Cette fois, Éric de Bisschop, Alain Brun, et Juan Bugueño naviguent avec Jean Pelissier et Hans Fischer. Ils remontent vers les côtes péruviennes avant d’entreprendre leur longue traversée vers la Polynésie.

« Poussés par les vents et les courants », ils s’échoueront six mois plus tard sur la barrière corallienne de Rakahanga, un atoll des îles Cook.
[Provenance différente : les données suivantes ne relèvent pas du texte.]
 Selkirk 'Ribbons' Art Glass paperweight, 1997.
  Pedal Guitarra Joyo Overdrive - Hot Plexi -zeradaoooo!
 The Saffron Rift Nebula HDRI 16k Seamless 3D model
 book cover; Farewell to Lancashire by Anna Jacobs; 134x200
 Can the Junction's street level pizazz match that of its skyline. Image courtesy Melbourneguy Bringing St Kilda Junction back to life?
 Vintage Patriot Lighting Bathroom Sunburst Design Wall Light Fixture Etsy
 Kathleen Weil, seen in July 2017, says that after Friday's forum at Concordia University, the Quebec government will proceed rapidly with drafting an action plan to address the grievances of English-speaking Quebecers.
Le capitaine Éric de Bisschop n’y survivra pas. 

« Le 17 juin 2016, on va faire une cérémonie, dans le centre culturel de Constitución, pour fêter les 58 ans de la fin de l’expédition et de la mort de M. De Bisschop », nous a donc écrit Jorge Orellana le mois dernier, en estimant qu’il s’agissait de l’une “des plus importantes et émouvantes navigations à voile de l’après-guerre”, une « expérience maritime et culturelle qui a eu une très grande influence dans tout le village et en particulier sur beaucoup de jeunes Chiliens, comme moi ». 

Grâce à une publication Facebook, la mairie de Papeete, que nous avions informée de cette cérémonie, a pu retrouver des membres de la famille de Michel et d’Alain Brun, décédés respectivement au Paraguay, en 2004, et au Japon, il y a quelques semaines.
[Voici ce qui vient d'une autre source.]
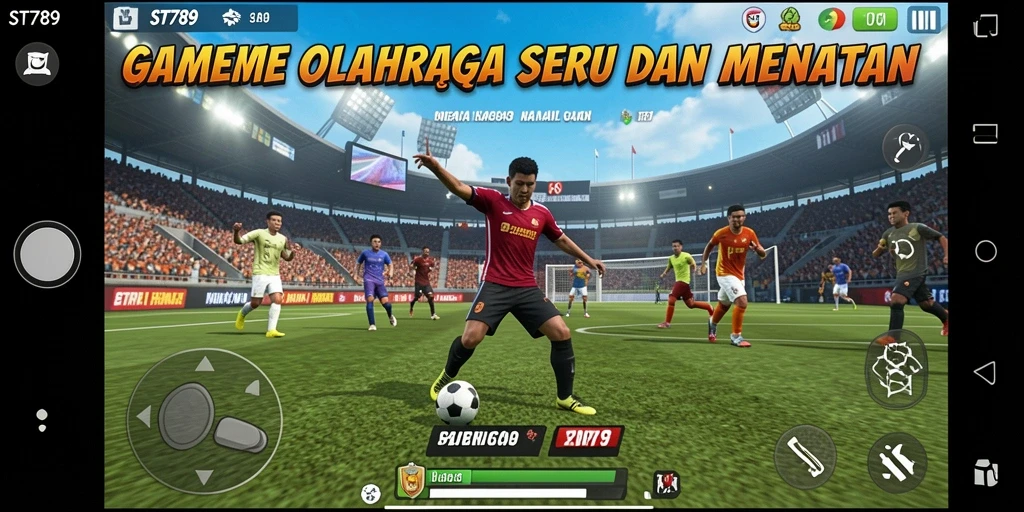 Tampilan seru gameplay ST789 dalam olahraga.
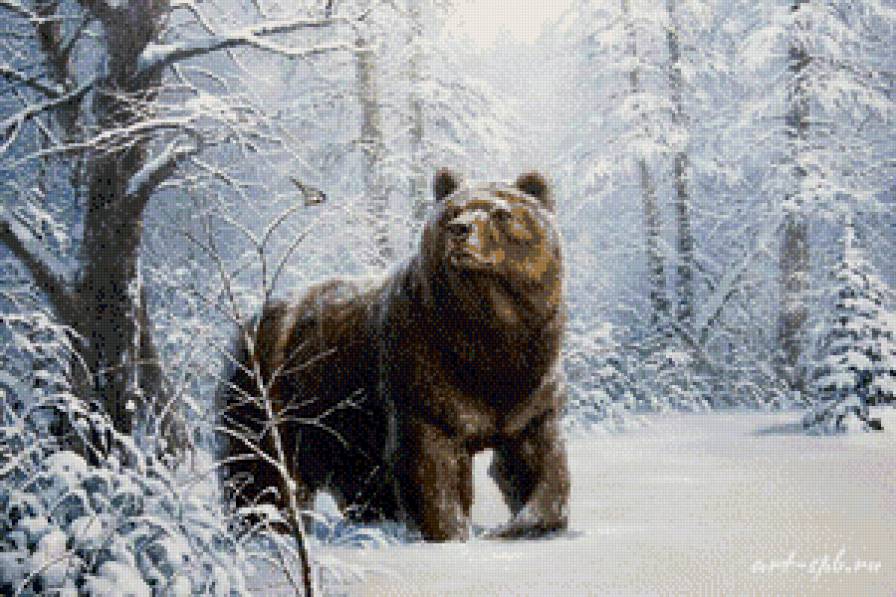 мишка и синичка - предпросмотр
Yuko, une fille de Michel Brun, a fait parvenir des images et des témoignages d’époque à Jorge : « Mon père aurait été très très touché, s’il était vivant, de la délicate attention qui vous anime, et de votre idée d’organiser cet événement au Chili », lui a-t-elle écrit, à la fin du mois de mai. 
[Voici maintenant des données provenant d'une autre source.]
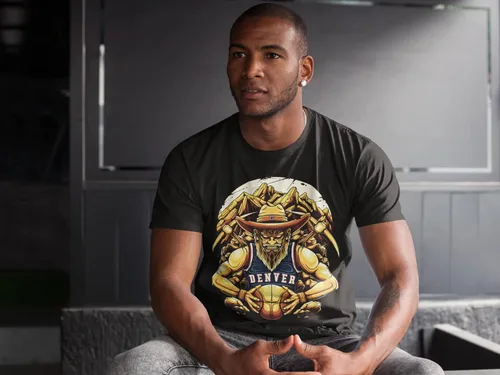 Vista 8 de Camisetas gráficas de manga corta con cuello redondo para hombre
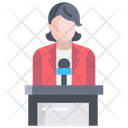 Female Speech  Icon
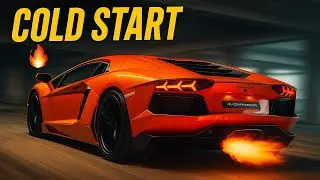 Lamborghini Aventador Cold Start 🔥 | Pure V12 Engine Sound! |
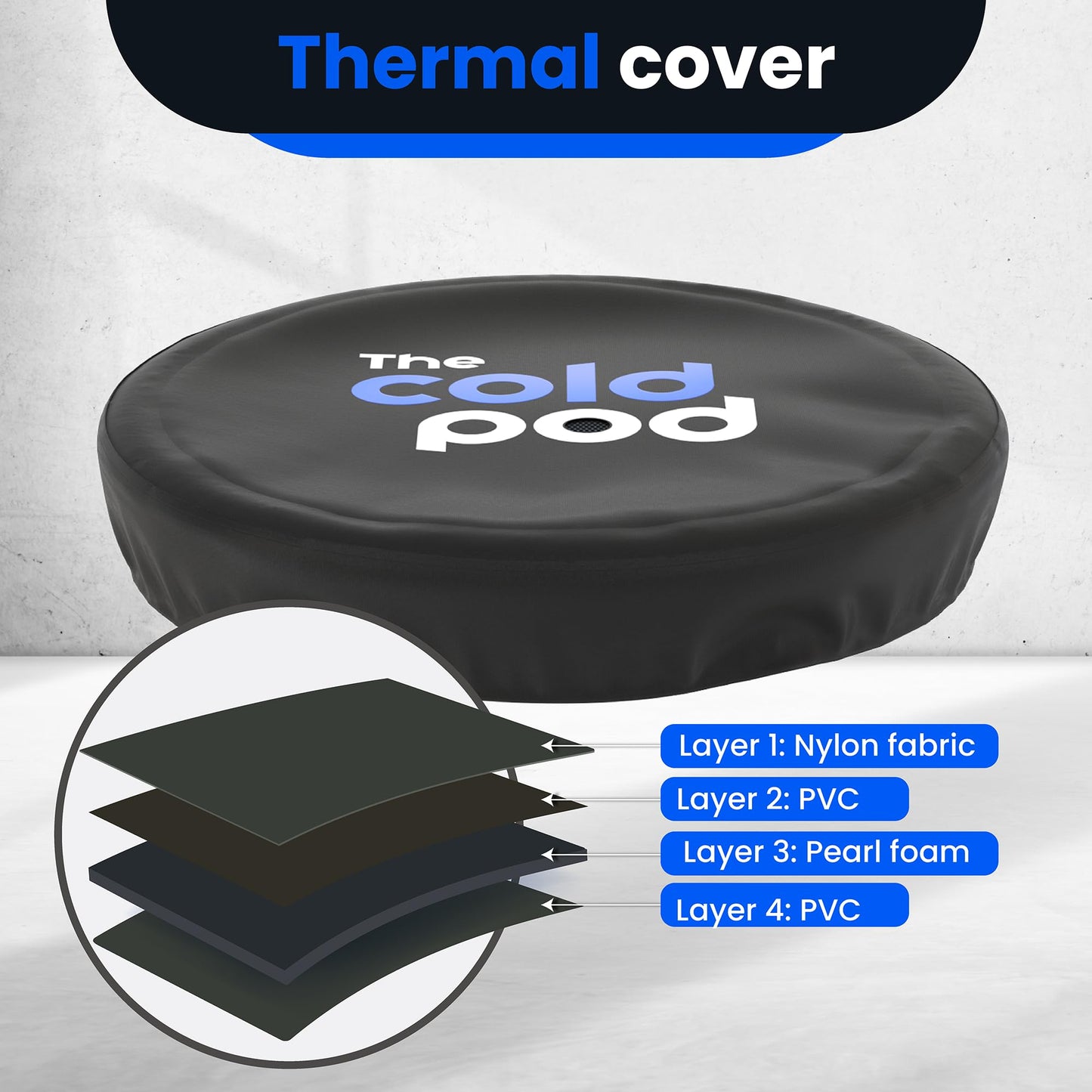 The Cold Pod Ice Bath Tub for Athletes XL: Cold Plunge Tub Outdoor with Cover,116 Gallons Portable Ice Bath Cold Water Therapy Plunge Pool,Large Ice Tub for Cold Dippers at Home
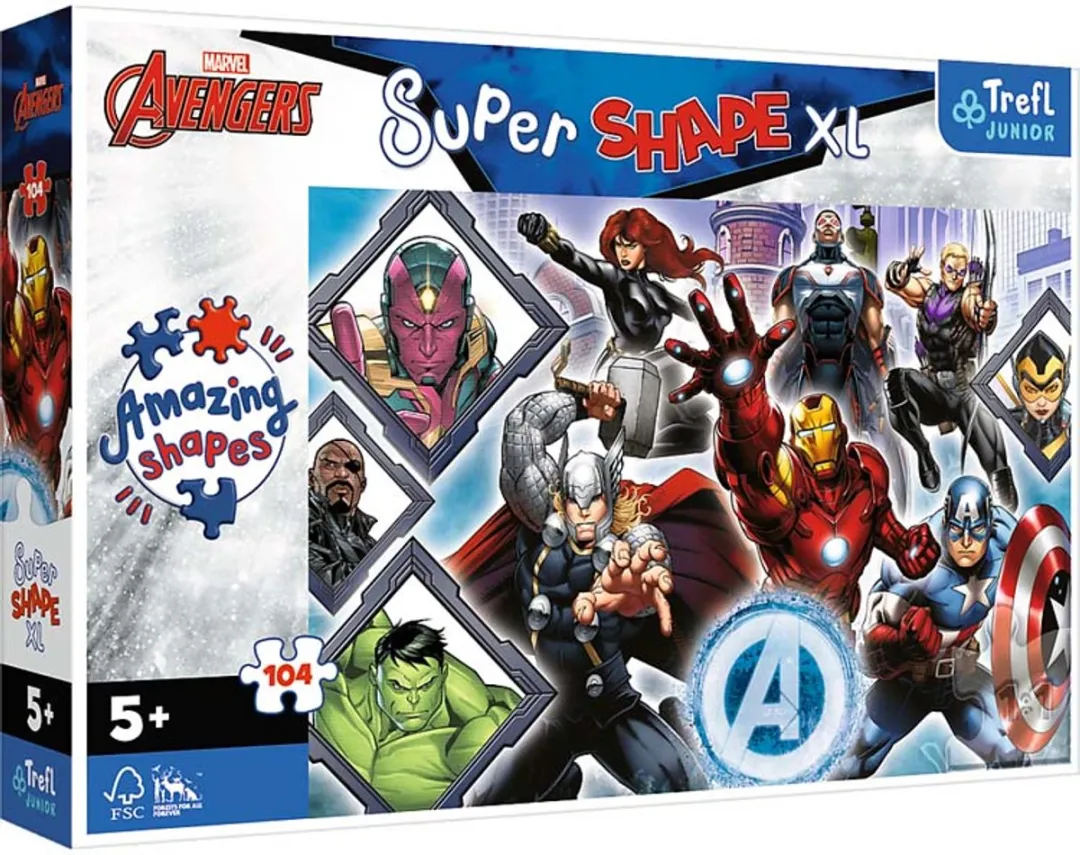 Trefl Avengers Puzzle 100 Stuks - Meerkleurig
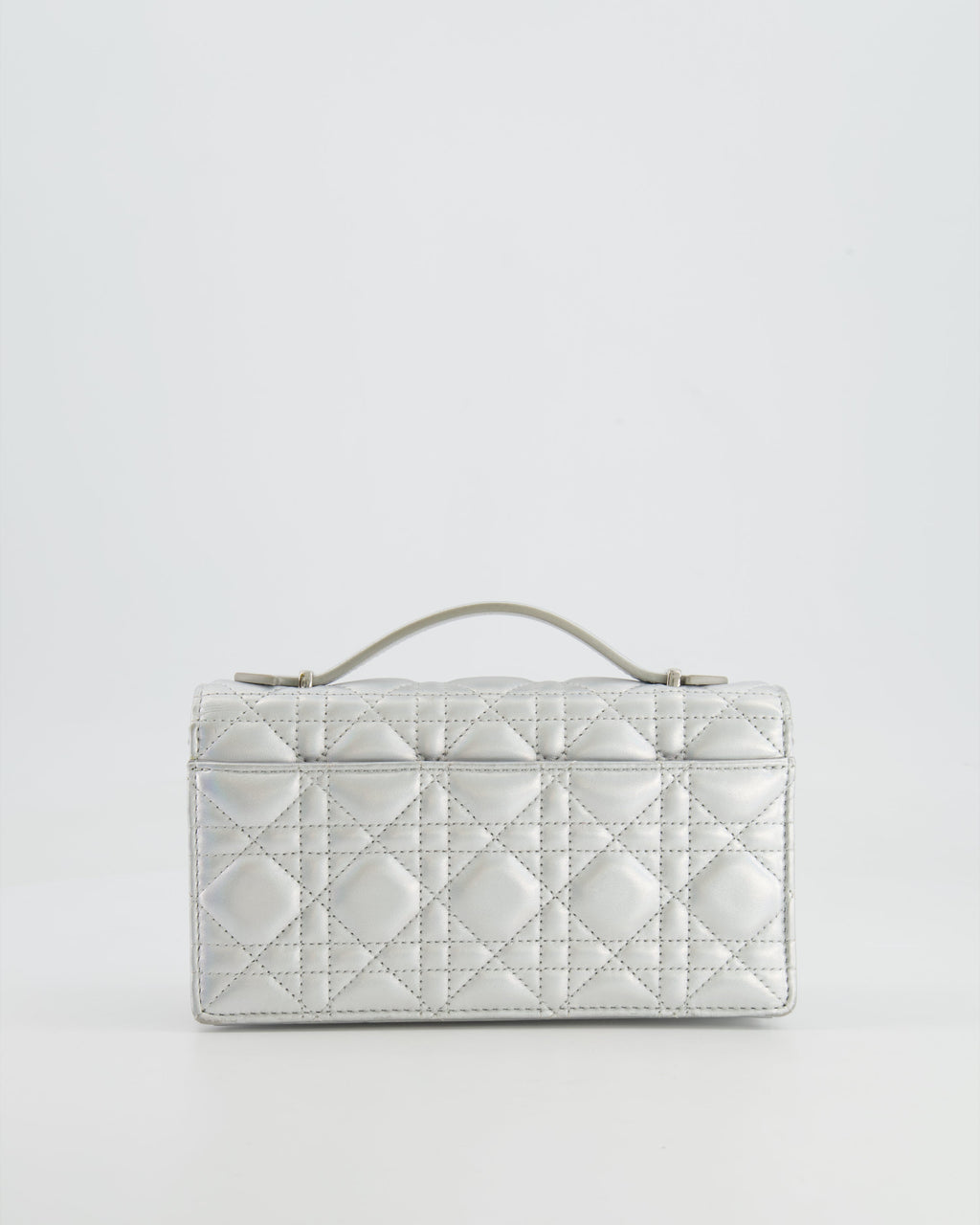 Christian Dior Silver Iridescent My Dior Mini Bag with Silver Hardware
À Moorea, Jorge a aussi retrouvé la trace de Jean Pelissier, âgé de 82 ans, qui lui « a promis qu’il viendra au Chili, en fin d’année ». 

À 89 ans, Juan Bugueño vit quant à lui dans la province de Valparaiso. 

Vendredi dernier, dans la petite ville industrielle de Constitución, qui compte aujourd’hui 60 000 habitants, il a été décoré par le maire, après avoir confié ses souvenirs à l’assistance. 

« L’histoire des radeaux Tahiti Nui doit être connue et reconnue par les nouvelles générations, tant au Chili qu’à Tahiti »  a conclu Jorge Orellana.